# Mini Cooper S - Deposit put down!



## jam (May 8, 2002)

Hi guys,

Just on hols at the moment and I've decided to get my g/f a Cooper S when I get home.

Got about Â£20k to spend on it or thereabouts.

Is there anything I should be looking out for? I know of few of you have them. For Â£20k is it worth plumping for a new one or would you guys suggest a 2nd hand one with low mileage?

I know they recently changed them from being supercharged to turbo charged - is the revised version much better and should I therefore order a new one? What is considered as must have equipment?

Also does anyone know what delivery times are on new ones?

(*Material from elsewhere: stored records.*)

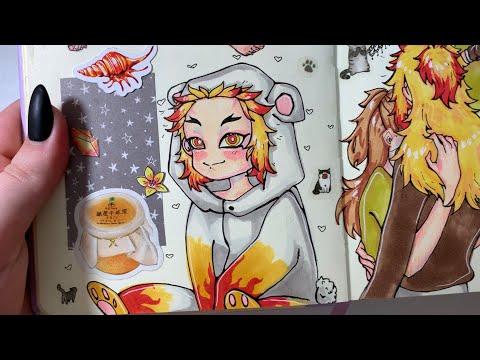 Видео: Обзор на скетчбук 2022 года рождения (*9*)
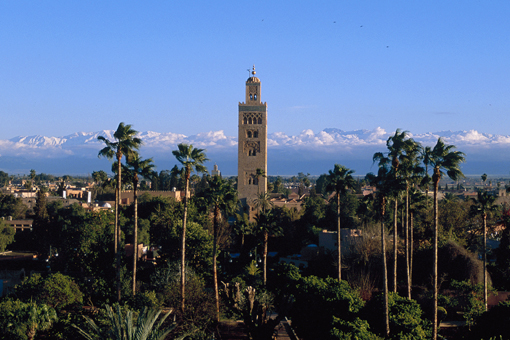 Que Voir à Marrakech | La Koutoubia et l'Atlas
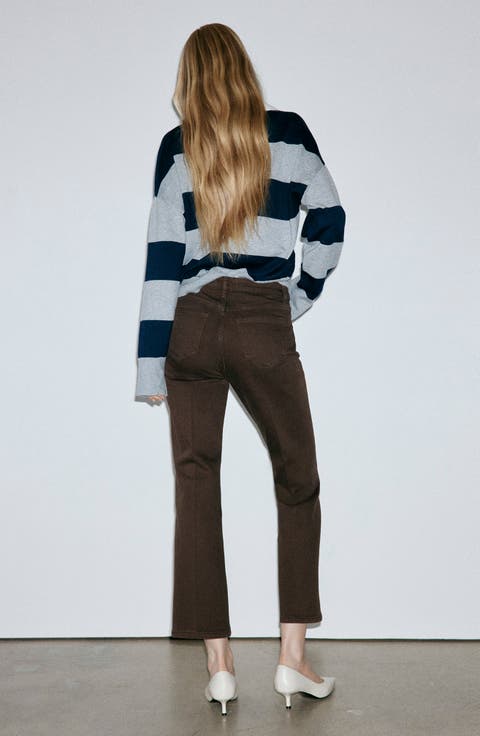 Sienna Crop Flare Jeans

I know she has been lusting after a dark silver one for years so that's probably the colour she'd go for.

Any advice greatly appreciated

Thanks

James

EDIT: Just seen Kev's post - good timing or what


----------



## Wondermikie (Apr 14, 2006)

jam said:


> For Â£20k is it worth plumping for a new one or would you guys suggest a 2nd hand one with low mileage?


Would have a look on the Mini Cherished site and see what's about, but Â£20k will get you a nice one.



jam said:


> ...is the revised version much better and should I therefore order a new one?


Yes, by a mile 



jam said:


> What is considered as must have equipment?


Seen all different specs used, the options list (as per Wallsendmag's recent thread) is vey more-ish, so difficult to say really.



jam said:


> I know she has been lusting after a dark silver one for years so that's probably the colour she'd go for.


DS is very nice [smiley=sweetheart.gif]



jam said:


> EDIT: Just seen Kev's post - good timing or what


Yep.

I do like the Mini, and I'm sure your G/F will be over the moon with one.


----------



## robokn (Feb 21, 2006)

I have one for sale at the mo, Its a 07 plate cooper S convertible, with the Aero pack, 18" multi spoke wheels, chilli pack, and the free servicing pack, 12k on the clock just had it's first service in pepper white looking for around the 7.5k. I know it's not silver but looks very nice indeed. Was just about to trade it in if your interested.

rob


----------



## Carlos (May 6, 2002)

Are the convertibles based on the new model yet? When we bought ours (Mar 07) they were still the old supercharged model.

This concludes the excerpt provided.